Stored data entries:
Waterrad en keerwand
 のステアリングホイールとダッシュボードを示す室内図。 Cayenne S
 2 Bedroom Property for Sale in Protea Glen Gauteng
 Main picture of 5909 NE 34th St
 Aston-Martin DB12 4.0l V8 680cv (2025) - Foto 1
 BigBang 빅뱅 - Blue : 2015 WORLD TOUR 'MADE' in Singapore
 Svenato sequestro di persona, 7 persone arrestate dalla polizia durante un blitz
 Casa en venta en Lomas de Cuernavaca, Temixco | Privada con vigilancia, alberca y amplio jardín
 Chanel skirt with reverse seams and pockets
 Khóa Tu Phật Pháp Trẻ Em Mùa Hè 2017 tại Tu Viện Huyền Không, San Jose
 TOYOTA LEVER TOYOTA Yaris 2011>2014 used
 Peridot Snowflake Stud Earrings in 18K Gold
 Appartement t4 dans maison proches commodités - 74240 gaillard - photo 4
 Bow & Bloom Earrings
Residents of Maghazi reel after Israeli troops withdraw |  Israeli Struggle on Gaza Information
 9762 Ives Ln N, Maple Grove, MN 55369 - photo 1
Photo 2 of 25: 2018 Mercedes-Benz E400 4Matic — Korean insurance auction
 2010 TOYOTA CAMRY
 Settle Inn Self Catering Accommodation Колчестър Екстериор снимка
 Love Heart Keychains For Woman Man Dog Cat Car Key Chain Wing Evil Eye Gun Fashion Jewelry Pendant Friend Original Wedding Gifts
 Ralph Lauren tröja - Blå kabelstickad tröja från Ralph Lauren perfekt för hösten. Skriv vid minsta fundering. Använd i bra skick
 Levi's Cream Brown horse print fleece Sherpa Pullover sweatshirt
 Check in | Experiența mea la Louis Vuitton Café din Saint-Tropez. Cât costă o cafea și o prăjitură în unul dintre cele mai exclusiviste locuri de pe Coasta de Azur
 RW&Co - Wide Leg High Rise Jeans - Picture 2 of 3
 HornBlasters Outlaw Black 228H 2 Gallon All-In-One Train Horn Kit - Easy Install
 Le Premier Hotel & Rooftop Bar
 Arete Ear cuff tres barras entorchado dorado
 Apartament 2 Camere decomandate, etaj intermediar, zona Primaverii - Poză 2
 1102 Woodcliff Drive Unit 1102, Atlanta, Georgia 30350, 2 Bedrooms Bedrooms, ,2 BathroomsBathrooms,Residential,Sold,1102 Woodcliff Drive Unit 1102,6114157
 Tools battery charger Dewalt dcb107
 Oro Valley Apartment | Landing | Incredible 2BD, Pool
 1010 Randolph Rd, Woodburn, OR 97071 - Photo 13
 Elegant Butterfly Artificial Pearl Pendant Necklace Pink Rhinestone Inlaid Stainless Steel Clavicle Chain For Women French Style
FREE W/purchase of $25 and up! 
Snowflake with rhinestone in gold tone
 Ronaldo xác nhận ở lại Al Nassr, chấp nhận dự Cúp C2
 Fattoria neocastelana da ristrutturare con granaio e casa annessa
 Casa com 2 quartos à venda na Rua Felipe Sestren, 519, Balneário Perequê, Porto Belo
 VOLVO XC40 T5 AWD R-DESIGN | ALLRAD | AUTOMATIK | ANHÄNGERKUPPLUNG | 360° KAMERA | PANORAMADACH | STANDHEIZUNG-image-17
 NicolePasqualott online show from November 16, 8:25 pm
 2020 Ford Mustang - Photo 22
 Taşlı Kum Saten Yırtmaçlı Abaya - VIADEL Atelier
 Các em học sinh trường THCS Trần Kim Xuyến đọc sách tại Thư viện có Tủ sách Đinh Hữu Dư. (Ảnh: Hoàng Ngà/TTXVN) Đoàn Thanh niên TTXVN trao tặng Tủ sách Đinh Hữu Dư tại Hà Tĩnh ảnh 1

__Work item__: Lines above holding "Chain": give their count, nothing more.

__Written response__: 2